Indeed, unless he is tenacious, there is a limit to what a rally driver can accomplish, and this has been demonstrated time and lime again, especially in such events as the Safari, where Mother Nature continues to rule the roost in defiance of Paris attempts at standardisation. Natural obstacles still play their part in Europe, of course, and anyone who has driven on the Monte-Carlo Rally will tell you that it’s as unnerving to encounter thick ice on a bend in an otherwise dry stage as it is to hit a sudden manhole whilst crossing the Great Rift Valley.
Stamina, although helpful, is no longer essential for success, as it was when rest was something you managed to snatch on the move, but tenacity remains absolutely vital, and unless you have that driving urge to soldier on when all manner of troubles are cropping up one after the other, or even in threes and fours, then you may as well direct your ambitions elsewhere.
January’s Monte-Carlo Rally provided a demonstration of such tenacity when Henri Toivonen, winner for the second time in 1985 of the RAC Rally, saw his winning chances dashed when an oncoming spectator’s car slid sideways and crashed head-on into his Lancia. The damage was considerable, but mechanics worked feverishly, but skilfully, to repair it at the roadside as best they could, and Toivonen continued in a distorted, misshapen and badly handling car and promptly won the rally against the most determined of undamaged opposition.

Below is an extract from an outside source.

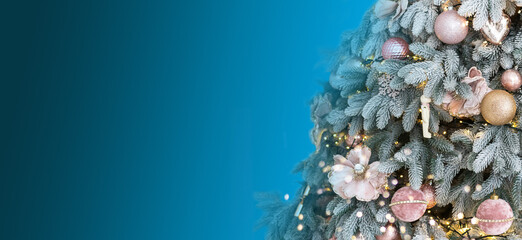 Fototapeta banner. blue christmas decoration, postcard. on the tree a snowflake, balls and a garland obraz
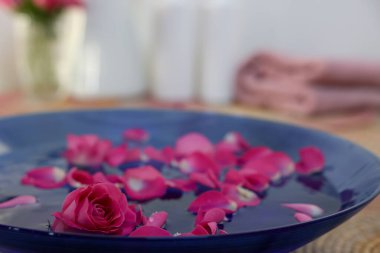 Masada suyla birlikte pembe gül ve taç yaprakları, yakın plan.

That the Lancia was in bad shape could not be doubted. In fact, its wheelbase was shorter on one side than on the other, and Toivonen kept referring to it as a banana! After their inititial work to get the car going after the accident, mechanics continued to work on it at every opportunity afterwards, straightening here, patching there, but there was a limit to what they could do and its distorted frame was something that Toivonen just had to get used to.

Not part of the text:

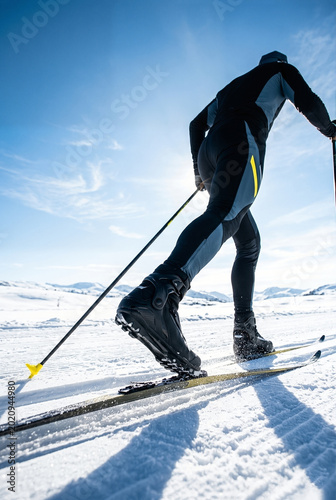 Athlete strides across a snowy landscape during cross-country skiing competition.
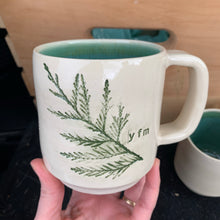 Load image into Gallery viewer, a custom handcrafted mug with a Cedar branch impressed into the side. the interior is glazed in a matching green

Another feature of the rally was one that has been a feature since studs were no more than muddied nuts and bolts inserted not with air guns but with spanners — tyres. Every year it has been the same story; on constantly varying and changing road conditions the driver who chose the tyres which were best suited to the greater part of a stage distance had the best chance of making a good time. Of course, skill and a good car played their part, but unless you had the right tyres to provide optimum grip and traction, you were at a big disadvantage.

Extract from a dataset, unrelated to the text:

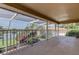 Spacious screened lanai boasts views of the lush landscaping and tranquil lake at 3322 Cypress Landing Dr, Valrico, FL 33596
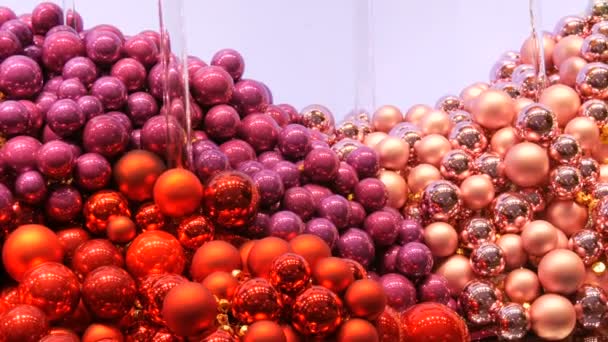 Nagyszámú szilveszteri és karácsonyfa labdák rózsaszín, piros, lila a bolt ablakában. Karácsonyi dekoráció — Stock videók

This year was no exception. In general, the quickly warming Michelins were better on dry tarmac than the Pirellis, and the reverse was the case when surface conditions worsened, but both makes had plenty of types available with differing rubber compounds, tread patterns, sizes and degrees of studding, so it was very easy indeed to throw away the advantage of having the best possible tyre in your available stock simply by choosing another type
Much depends on up-to-date information concerning surface conditions on a stage, and although you may have practised for months, when you are waiting in a valley about to drive over a cloud-covered mountain pass, who knows what the weather is likely to be on top? This is where the ice-note crews come in.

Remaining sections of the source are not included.